Beginning in 1820 Gibbs imported several shipments of vines from Europe. We have a partial record of his acquisitions from the Austrian imperial nursery collection in Vienna. In 1820 he imported twenty-eight varieties, five of which originated in the Kingdom of Hungary, then and until 1918 an important part of the Austrian Empire. The names Gibbs listed for the vines in this shipment included some that may be slightly familiar to us today: for example, "Chasselas," "White Muscat," "Frontenac." Others, perhaps not so familiar, included "Early Leipsick," "Faketi," and "Schumlauer." There was also the Frankenthal, which J. Fisk Allen later likened to the Zinfindal.

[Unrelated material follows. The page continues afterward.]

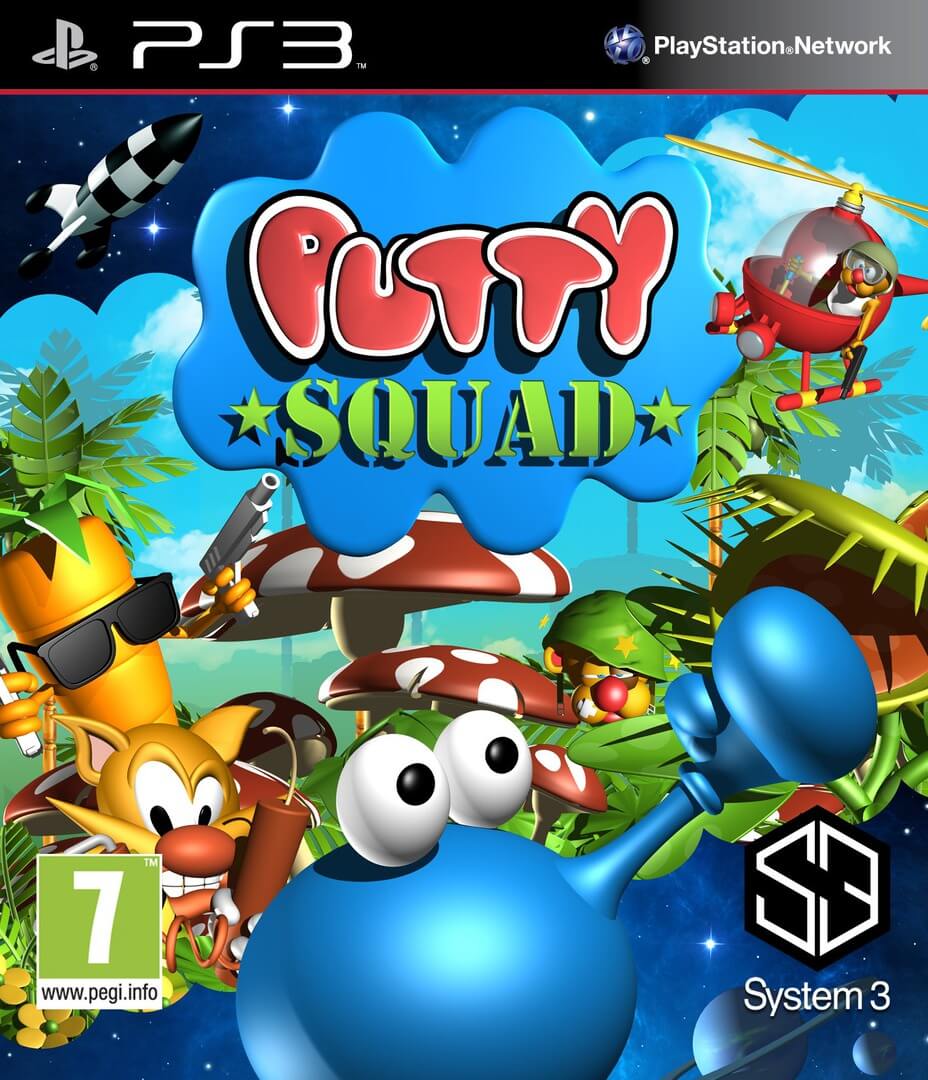 Putty Squad | Playstation 3 Games | RetroPlaystationKopen.nl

Gibbs had a very close relationship with his neighbor William Robert Prince, whose work A Treatise on the Vine (1830), written with the help of his father, was described by historian Thomas Pinney as being "of an entirely different and higher order" when compared to any previous text on American viticulture. (In 1793, Prince's father, William Prince Jr., had established the Linnaean Botanic Gardens in Flushing, Long Island, discussed in chapter 1; William Prince Sr. had earlier established the country's first commercial nursery.)
The Princes also imported vinifera vines from Europe in the 1820s, many from England, and many too from the Austrian Empire. William Robert Prince's catalogue entries for these vines in later years can be confusing without a clear understanding of the political geography of central Europe in the nineteenth century. Vines from the German-speaking portions of the empire he listed as being from "Germany," meaning from a land where German language and culture dominated. (There was, of course, no country called Germany until the unification process of 1870-1871.) The capital of the empire, and the site of its imperial collections, was the very German city of Vienna. Vines from the Kingdom of Hungary, which comprised lands covering more than half of the empire, Prince listed as being from Hungary. (It goes without saying that the king of Hungary was the Austrian emperor.) These terms, "Germany" and "Hungary," in the Prince nursery catalogues have been a continual cause for misunderstanding from the 1880s until recently.
In 1829 Gibbs received a shipment of vines from Vienna and sent Prince a note listing them. "You may depend on [them] as genuine as I recd. them from the Imperial Garden at Schoenbrunn." No vine labeled anything like Zinfandel was listed, but there were some unnamed vines that must attract our attention. One was a "rough black" grape taken from Hungary to Vienna, "prolific, a very good grape." Was this the Zinfandel? We can't be sure, but later, when Prince began listing Zinfandel in his catalogue, he noted that it had been "introduced by the late George Gibbs ... from Germany," meaning from Vienna. We can't be certain which one of Gibbs's shipments he meant, but we can be very sure that Prince knew that the vine had come to Long Island in these shipments from the Schoenbrunn nursery collection.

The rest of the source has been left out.